INFORMATION PROVIDED →
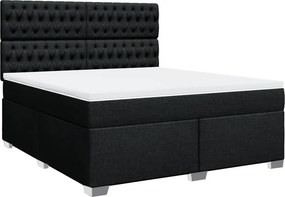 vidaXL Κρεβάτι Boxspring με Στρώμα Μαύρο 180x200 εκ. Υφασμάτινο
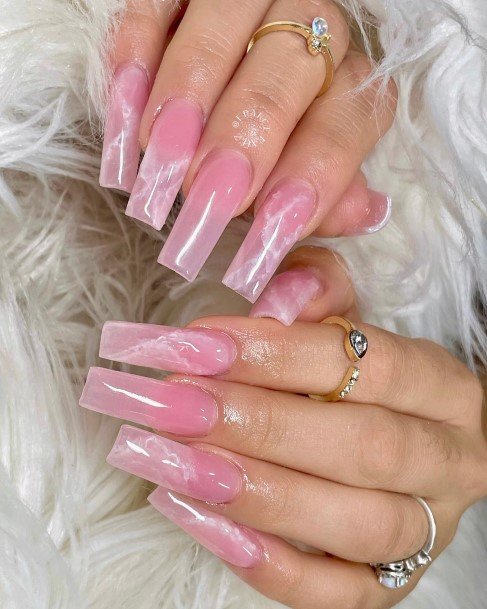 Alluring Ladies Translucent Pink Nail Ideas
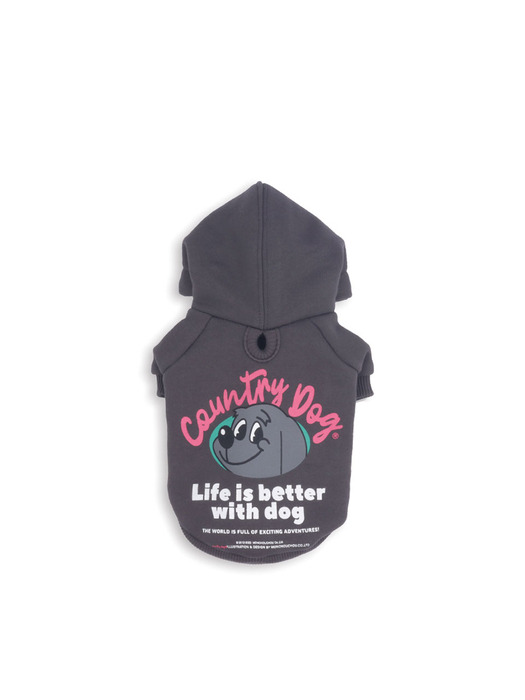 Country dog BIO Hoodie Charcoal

WHAT IS REQUIRED →
Repeat the line containing "Alluring Ladies Translucent Pink Nail Ideas" and every line after it up to the end of the material above, exactly as they stand, minus the pictures.

ANSWER AREA →
 Alluring Ladies Translucent Pink Nail Ideas
 Country dog BIO Hoodie Charcoal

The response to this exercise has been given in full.